Davacı taraf, söz konusu belgenin kendisi ve eşi ile davalı arasındaki iş ilişkisinin sona ermesi nedeni ile kıdem tazminatına karşılık verildiği iddiası ile temel ilişkiye dayanarak işbu davayı ikâme etmiştir. Takip dayanağı belge, yazılı delil başlangıcı niteliğini haiz olması sebebi ile davacının tanık deliline dayanarak temel ilişkiyi ispatlaması mümkündür. Davacı dosya kapsamına göre, bilhassa tanık beyanları ile bu iddiasını doğrulamıştır.

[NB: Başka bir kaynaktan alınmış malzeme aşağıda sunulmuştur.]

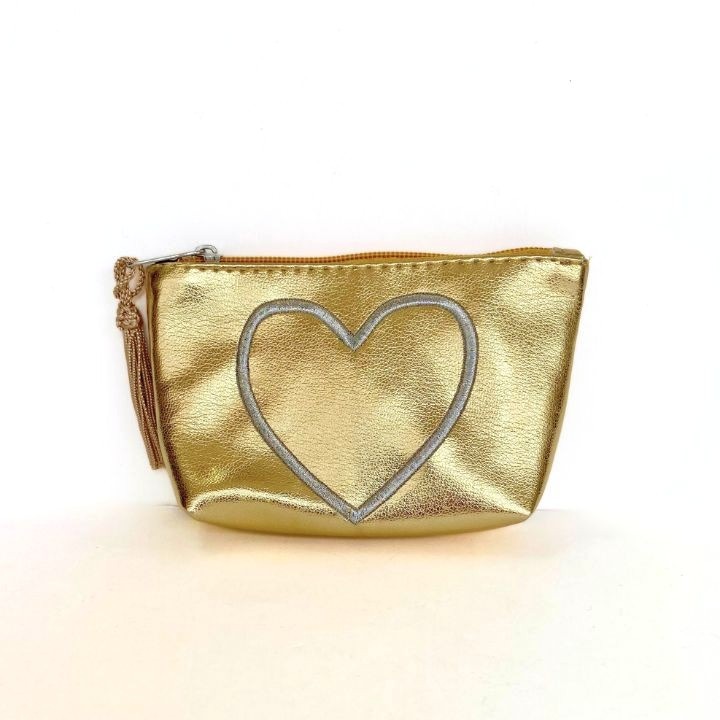 ハート刺繍ミニポーチ　ゴールド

Nitekim bu olgu Mahkemenin de kabulündedir.
Ancak, somut olayda Mahkemece davacı ve eşinin kıdem tazminatı açısından takibin devamına karar verilmiş ise de; hukuk sistemimizde evlilik birliğinden doğan yükümlülüklere hasren getirilen istisnai haller haricinde eşlerin birbirinden bağımsız olarak hukukî işlemleri yapacağı kabul edilmiş olup, bu bağlamda davacının eşi adına kıdem tazminatı talep etme, icra takibi yapma ve buna bağlı olarak itirazın iptali davası açma hakkı bulunmamaktadır.
Belirtilen sebeplerle, Mahkemece takibin sadece davacının kıdem tazminatı açısından devamına karar verilmesi gerekirken bu hususlar değerlendirilmeden ve aksi yönde gerekçe konulmadan yazılı şekilde karar verilmesi hatalı olup, bozmayı gerektirmiştir.
3-Kabule göre, kıymetli evrak vasfı bulunmayan bir evrakın gerekçede bono olarak ifade edilmesi de hukuken isabetsizdir.
F) Sonuç:
Temyiz olunan kararın, yukarıda yazılı sebepten dolayı BOZULMASINA, peşin alınan temyiz harcının istek halinde ilgiliye iadesine, 27.02.2014 tarihinde oybirliğiyle karar verildi.